Please return only the lines from the one holding "B&B Charcoal Slow" through the one holding "Bed in ZHome-Count luxury apartment", exactly as they appear in the records below, both ends included.

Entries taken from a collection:
# # # # # # #
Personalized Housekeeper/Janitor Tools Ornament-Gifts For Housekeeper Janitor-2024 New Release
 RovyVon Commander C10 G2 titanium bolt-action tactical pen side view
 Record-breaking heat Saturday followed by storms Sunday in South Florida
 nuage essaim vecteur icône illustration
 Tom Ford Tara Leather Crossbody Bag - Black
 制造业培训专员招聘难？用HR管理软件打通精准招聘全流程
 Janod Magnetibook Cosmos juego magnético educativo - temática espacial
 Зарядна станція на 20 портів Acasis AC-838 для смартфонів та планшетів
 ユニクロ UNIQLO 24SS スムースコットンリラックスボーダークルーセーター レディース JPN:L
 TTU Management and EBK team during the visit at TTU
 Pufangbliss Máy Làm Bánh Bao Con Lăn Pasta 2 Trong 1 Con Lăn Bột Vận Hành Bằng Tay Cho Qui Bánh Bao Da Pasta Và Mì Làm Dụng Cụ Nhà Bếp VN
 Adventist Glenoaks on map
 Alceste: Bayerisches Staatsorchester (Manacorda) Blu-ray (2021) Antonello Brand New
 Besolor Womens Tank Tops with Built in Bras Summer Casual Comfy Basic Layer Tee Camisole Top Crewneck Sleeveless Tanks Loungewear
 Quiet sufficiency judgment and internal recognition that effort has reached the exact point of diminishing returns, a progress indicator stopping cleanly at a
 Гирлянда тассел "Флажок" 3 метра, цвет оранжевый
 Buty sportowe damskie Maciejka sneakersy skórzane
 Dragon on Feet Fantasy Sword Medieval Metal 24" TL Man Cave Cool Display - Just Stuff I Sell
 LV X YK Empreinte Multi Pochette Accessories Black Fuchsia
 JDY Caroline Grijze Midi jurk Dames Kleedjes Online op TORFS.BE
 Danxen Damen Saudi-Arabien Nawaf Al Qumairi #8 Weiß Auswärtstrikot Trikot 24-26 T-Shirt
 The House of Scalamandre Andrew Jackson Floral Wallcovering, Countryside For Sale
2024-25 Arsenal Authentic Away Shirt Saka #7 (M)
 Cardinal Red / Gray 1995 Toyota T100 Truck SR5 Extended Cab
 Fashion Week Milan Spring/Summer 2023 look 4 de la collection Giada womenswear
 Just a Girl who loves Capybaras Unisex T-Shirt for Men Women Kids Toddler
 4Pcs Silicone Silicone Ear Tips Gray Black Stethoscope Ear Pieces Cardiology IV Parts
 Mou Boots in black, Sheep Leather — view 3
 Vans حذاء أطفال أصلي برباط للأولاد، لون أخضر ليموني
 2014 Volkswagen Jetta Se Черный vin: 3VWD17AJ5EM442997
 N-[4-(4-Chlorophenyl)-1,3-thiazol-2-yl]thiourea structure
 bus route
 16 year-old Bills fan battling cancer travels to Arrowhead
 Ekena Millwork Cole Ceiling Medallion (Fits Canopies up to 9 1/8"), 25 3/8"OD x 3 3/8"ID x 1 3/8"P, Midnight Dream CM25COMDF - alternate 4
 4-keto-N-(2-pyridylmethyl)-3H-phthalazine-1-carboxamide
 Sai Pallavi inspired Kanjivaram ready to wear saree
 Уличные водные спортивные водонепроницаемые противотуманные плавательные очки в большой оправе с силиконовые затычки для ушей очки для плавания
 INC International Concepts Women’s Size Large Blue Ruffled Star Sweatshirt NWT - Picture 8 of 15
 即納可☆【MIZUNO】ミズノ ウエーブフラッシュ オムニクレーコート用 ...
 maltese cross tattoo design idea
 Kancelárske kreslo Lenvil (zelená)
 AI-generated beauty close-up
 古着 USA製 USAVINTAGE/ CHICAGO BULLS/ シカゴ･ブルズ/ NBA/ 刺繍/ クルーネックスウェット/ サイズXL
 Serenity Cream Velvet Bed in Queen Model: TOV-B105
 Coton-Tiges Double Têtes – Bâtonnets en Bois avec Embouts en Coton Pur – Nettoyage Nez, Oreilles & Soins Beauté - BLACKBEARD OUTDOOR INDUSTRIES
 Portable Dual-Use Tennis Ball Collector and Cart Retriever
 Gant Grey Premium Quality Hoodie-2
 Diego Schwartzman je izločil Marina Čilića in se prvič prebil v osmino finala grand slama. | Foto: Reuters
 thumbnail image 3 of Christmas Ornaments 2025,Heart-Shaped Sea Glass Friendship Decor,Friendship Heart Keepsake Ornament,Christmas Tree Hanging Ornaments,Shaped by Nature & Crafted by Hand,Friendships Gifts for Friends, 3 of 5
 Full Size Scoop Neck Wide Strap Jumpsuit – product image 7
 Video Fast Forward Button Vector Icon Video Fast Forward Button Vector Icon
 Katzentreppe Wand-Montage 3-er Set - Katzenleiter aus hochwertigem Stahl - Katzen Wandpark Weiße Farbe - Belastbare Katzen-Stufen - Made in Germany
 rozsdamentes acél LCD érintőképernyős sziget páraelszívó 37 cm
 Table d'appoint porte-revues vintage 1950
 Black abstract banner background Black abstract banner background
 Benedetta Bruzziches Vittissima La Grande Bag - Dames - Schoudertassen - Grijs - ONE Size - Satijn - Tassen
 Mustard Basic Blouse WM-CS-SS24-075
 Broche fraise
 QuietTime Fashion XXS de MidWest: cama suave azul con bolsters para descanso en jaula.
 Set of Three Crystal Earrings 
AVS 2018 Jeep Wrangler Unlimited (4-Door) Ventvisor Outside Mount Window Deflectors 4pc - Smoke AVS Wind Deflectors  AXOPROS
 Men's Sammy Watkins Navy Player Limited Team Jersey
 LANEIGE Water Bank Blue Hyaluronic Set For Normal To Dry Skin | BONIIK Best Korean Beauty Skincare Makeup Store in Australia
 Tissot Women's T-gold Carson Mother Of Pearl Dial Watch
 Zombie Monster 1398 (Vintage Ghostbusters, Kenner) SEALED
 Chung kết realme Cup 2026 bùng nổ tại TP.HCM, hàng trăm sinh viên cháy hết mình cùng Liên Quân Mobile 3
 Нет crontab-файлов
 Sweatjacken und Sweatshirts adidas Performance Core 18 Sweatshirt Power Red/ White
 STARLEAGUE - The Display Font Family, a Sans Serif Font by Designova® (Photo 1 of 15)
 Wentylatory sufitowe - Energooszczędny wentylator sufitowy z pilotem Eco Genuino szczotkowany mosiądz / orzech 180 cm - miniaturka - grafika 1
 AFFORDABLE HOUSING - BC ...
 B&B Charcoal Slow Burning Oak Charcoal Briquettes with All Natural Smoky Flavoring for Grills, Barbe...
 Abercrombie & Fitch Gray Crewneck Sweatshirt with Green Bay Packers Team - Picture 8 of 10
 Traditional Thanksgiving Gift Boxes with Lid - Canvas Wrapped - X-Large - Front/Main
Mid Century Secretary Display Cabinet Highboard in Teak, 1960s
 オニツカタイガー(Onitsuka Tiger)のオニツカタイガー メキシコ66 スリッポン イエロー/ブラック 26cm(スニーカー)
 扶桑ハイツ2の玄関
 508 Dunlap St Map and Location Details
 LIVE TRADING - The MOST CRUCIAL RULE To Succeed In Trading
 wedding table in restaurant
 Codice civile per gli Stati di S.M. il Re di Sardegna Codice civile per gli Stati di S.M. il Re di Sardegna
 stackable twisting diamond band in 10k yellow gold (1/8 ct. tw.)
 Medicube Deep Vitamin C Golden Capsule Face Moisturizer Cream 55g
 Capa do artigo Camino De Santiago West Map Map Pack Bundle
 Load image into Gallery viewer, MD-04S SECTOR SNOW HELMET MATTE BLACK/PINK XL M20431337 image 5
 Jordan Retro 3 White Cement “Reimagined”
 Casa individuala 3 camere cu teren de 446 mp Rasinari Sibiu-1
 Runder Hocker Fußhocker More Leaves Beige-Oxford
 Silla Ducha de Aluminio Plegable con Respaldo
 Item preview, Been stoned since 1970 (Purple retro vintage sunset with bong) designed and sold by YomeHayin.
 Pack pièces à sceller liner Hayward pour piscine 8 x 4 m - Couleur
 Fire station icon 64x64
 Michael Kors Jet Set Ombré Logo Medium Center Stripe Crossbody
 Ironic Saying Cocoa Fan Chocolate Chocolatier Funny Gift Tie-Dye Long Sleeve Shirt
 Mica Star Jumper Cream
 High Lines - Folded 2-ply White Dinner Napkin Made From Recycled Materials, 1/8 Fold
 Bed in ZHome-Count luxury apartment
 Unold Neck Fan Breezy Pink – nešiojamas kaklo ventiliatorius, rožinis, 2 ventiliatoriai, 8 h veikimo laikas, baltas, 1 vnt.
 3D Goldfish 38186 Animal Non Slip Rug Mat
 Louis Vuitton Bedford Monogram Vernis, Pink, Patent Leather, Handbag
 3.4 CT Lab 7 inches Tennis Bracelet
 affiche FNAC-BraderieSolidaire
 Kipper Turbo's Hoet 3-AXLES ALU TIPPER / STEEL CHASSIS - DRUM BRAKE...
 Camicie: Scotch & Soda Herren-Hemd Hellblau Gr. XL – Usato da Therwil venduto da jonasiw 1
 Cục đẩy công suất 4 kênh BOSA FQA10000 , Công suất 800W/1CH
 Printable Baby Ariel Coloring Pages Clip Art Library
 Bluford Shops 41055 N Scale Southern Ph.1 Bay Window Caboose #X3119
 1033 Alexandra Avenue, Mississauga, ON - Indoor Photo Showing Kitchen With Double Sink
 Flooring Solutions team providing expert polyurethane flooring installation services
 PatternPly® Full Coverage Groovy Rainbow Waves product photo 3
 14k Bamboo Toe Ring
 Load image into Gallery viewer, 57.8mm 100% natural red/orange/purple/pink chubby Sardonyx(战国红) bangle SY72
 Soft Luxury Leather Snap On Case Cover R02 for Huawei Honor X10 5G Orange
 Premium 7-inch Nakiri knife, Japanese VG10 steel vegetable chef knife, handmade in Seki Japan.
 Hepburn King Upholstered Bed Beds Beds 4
# # # # # # #
REPLY TO THE EXERCISE:
 B&B Charcoal Slow Burning Oak Charcoal Briquettes with All Natural Smoky Flavoring for Grills, Barbe...
 Abercrombie & Fitch Gray Crewneck Sweatshirt with Green Bay Packers Team - Picture 8 of 10
 Traditional Thanksgiving Gift Boxes with Lid - Canvas Wrapped - X-Large - Front/Main
Mid Century Secretary Display Cabinet Highboard in Teak, 1960s
 オニツカタイガー(Onitsuka Tiger)のオニツカタイガー メキシコ66 スリッポン イエロー/ブラック 26cm(スニーカー)
 扶桑ハイツ2の玄関
 508 Dunlap St Map and Location Details
 LIVE TRADING - The MOST CRUCIAL RULE To Succeed In Trading
 wedding table in restaurant
 Codice civile per gli Stati di S.M. il Re di Sardegna Codice civile per gli Stati di S.M. il Re di Sardegna
 stackable twisting diamond band in 10k yellow gold (1/8 ct. tw.)
 Medicube Deep Vitamin C Golden Capsule Face Moisturizer Cream 55g
 Capa do artigo Camino De Santiago West Map Map Pack Bundle
 Load image into Gallery viewer, MD-04S SECTOR SNOW HELMET MATTE BLACK/PINK XL M20431337 image 5
 Jordan Retro 3 White Cement “Reimagined”
 Casa individuala 3 camere cu teren de 446 mp Rasinari Sibiu-1
 Runder Hocker Fußhocker More Leaves Beige-Oxford
 Silla Ducha de Aluminio Plegable con Respaldo
 Item preview, Been stoned since 1970 (Purple retro vintage sunset with bong) designed and sold by YomeHayin.
 Pack pièces à sceller liner Hayward pour piscine 8 x 4 m - Couleur
 Fire station icon 64x64
 Michael Kors Jet Set Ombré Logo Medium Center Stripe Crossbody
 Ironic Saying Cocoa Fan Chocolate Chocolatier Funny Gift Tie-Dye Long Sleeve Shirt
 Mica Star Jumper Cream
 High Lines - Folded 2-ply White Dinner Napkin Made From Recycled Materials, 1/8 Fold
 Bed in ZHome-Count luxury apartment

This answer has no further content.